# Posting Pictures



## Badfish (Oct 25, 2009)

Can someone please tell me how to post pictures and videos on messages. I tried to post one on both it and my profile. It let me browse my computer on my profile but wouldn't let me post the picture I selected.


----------



## flyin-lowe (Oct 3, 2009)

There is a video tutorial if you follow the directions at the top of the page. Ive only done it once and it is different then most forums.


----------



## Badfish (Oct 25, 2009)

Man I never even saw that


----------



## Oldman (May 25, 2009)

It is a breeze to post a picture.

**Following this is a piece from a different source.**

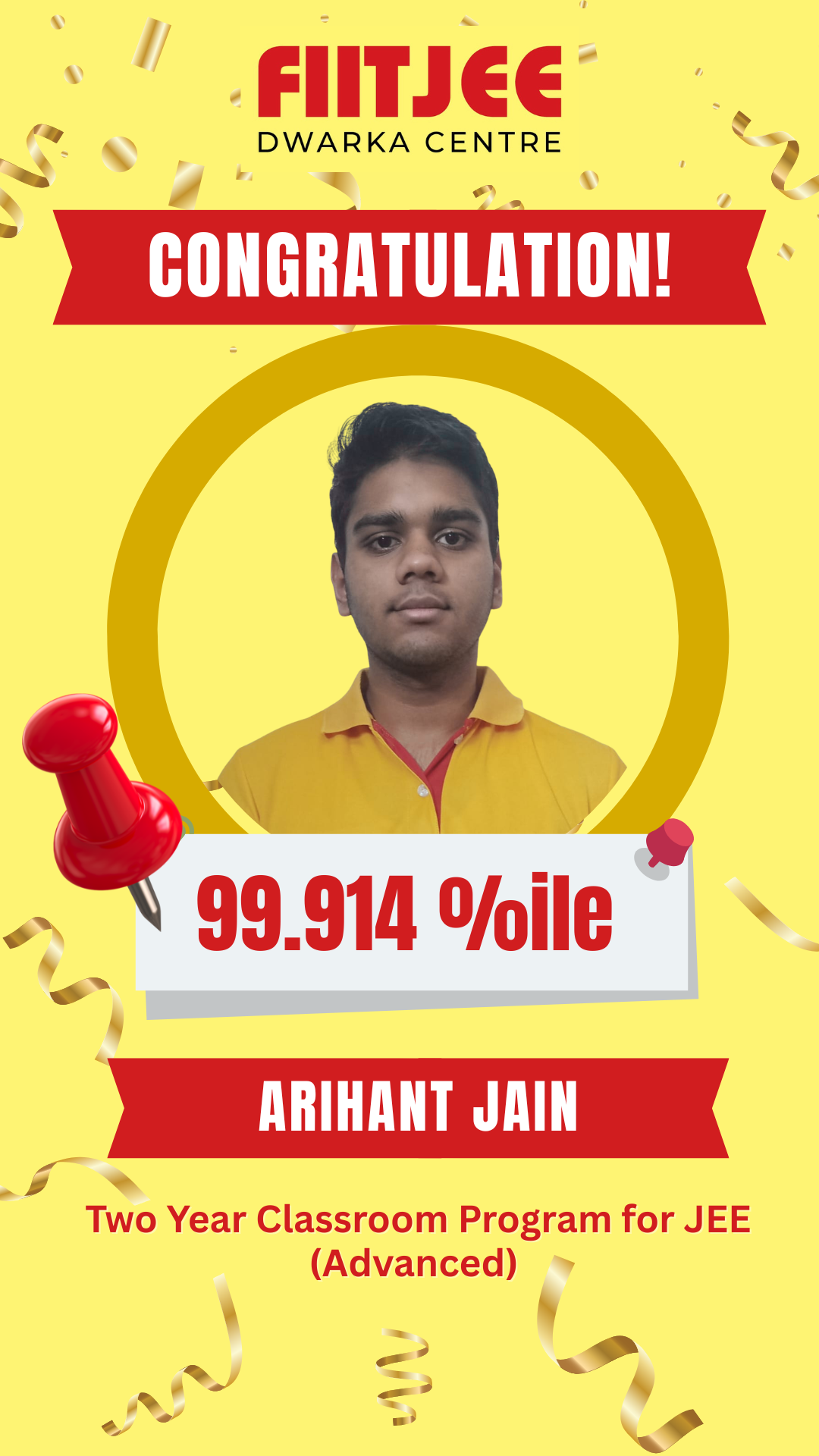 Student Name 4 - 99.914 Percentile (JEE Main 2026) - FIITJEE Dwarka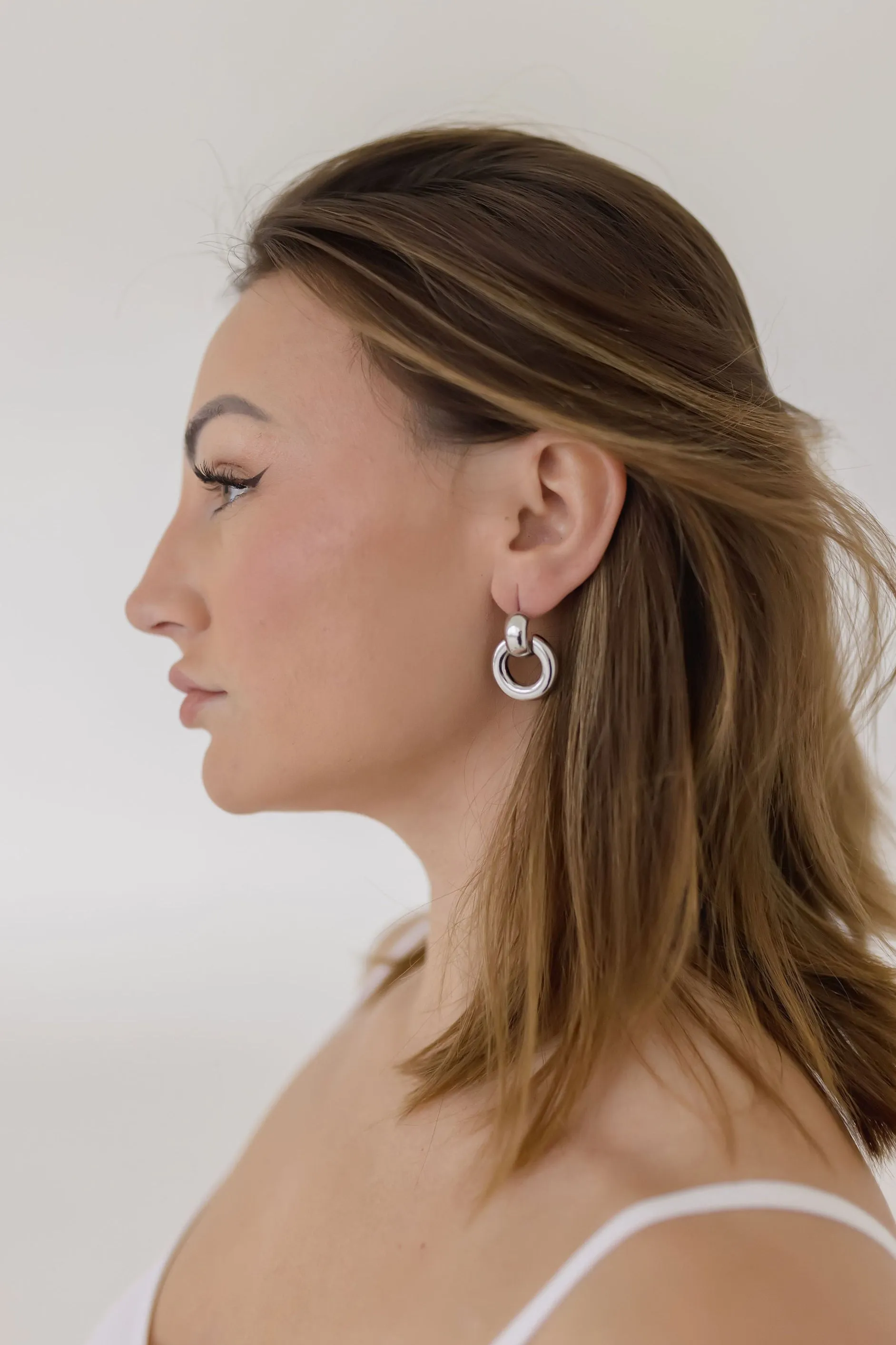 Ivy Hoop Drop Earrings Silver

Just sign up for one of the picture hosting locations like photobucket. Upload your picture there. Paste in the link they have that has "img" in brackets, from the available options of links to use, right here, as if it was text. The result is a picture that looks like it is right here in your post but is really just a link like this one to a picture I took on an isolated beach in Oregon two summers back.


----------



## Badfish (Oct 25, 2009)

Thanks for the heip. What about videos?


----------



## phil_pl (Apr 10, 2009)

videos can be uploaded by using a hosting site like YouTube - Broadcast Yourself. then posting the embedding code on here

this code can be found right under the persons name who submitted the video on the right side of the screen when viewing the video

for example
<object width="445" height="364"><param name="movie" value="http://www.youtube.com/v/sOwut9cSwMU&hl=en&fs=1&rel=0&color1=0x006699&color2=0x54abd6&border=1"></param><param name="allowFullScreen" value="true"></param><param name="allowscriptaccess" value="always"></param><embed src="http://www.youtube.com/v/sOwut9cSwMU&hl=en&fs=1&rel=0&color1=0x006699&color2=0x54abd6&border=1" type="application/x-shockwave-flash" allowscriptaccess="always" allowfullscreen="true" width="445" height="364"></embed></object>


----------



## Badfish (Oct 25, 2009)

Thanks to all you people are great!


----------